Dünyadaki Müslümanları düşündüğümüzde, İslami hassasiyeti olanlarla, olmayanlar arasında, İslam’ın hedefi, amacı, ilkeleri hakkında büyük farklar olacağı gibi, asıl önemli büyük farklar İslami hassasiyeti olanlar arasında olduğu görülecektir.

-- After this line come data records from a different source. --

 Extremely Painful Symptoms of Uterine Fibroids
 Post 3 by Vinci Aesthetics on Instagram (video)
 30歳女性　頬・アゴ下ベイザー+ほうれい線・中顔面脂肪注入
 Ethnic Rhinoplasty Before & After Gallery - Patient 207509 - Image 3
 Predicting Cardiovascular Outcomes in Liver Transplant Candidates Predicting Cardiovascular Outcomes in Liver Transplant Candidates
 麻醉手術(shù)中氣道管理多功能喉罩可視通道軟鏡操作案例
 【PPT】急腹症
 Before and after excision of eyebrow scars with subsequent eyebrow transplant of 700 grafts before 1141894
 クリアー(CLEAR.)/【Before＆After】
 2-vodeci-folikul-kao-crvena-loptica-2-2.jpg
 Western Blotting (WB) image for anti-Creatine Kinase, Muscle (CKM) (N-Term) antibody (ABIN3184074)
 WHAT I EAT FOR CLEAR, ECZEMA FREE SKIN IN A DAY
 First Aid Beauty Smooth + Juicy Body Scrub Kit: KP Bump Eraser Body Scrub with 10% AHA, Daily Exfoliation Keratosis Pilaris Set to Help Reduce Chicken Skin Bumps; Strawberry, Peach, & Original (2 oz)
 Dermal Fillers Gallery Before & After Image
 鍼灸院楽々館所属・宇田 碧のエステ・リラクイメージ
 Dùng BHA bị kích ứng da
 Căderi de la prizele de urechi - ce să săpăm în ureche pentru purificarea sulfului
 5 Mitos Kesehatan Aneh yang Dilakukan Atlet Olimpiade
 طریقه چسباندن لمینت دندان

Bütün bunlar Müslümanların Allah resulünün hedef, amaç, ilke belirlemediğini, Allah’ın emrettiği hedefe, amaca, ilkelere göre hareket ettiğini anlayamadıklarının göstergesidir. Günümüzde Müslümanlar ne yazık ki, İslam dinini referans göstererek, İslam’ın hedefini, amacını, ilkelerini kendilerince belirleyerek, İslam’ı dünyevileştirmişlerdir. Bunun nedeni Müslümanlar kendi amaçlarını, hedeflerini, ilkelerini, beklentilerini İslam’ın amaçları, hedefleri, ilkeleri, beklentileriymiş gibi göstermeleridir. Mesela ülkemizden bazı örnekler verirsek,
- İslam gelecek, vahşet bitecek
- İslam gelecek, toplumda adalet ve huzur hâkim olacak
- İslam gelecek, ekonomik sorunlar çözülüp, ekonomik denge, refah sağlanacak
Gibi cümlelerin, aslında Allah’ın gönderdiği ayetlerle hiçbir ilgisi yoktur. Zira İslam gelince, vahşet bitmeyebilir. İslam gelince toplumda adalet, huzur hâkim olmayabilir. İslam geldiğinde ekonomik sorunlar çözülmeyebilir. Refah topluma hâkim olmayabilir. Çünkü bütün bunların oluşmasında Müslümanların iktidarının gücü önemlidir. Ancak Müslümanların güçlü olması, Müslümanların iktidarının güçlü olması yetmeyebilir. Toplumun tutumu, yabancı ülkelerin Müslüman ülkeye karşı davranışları, doğal afetler, savaşlar, adaletin, huzurun, ekonomik refahın sağlanmasında etkili olacaktır.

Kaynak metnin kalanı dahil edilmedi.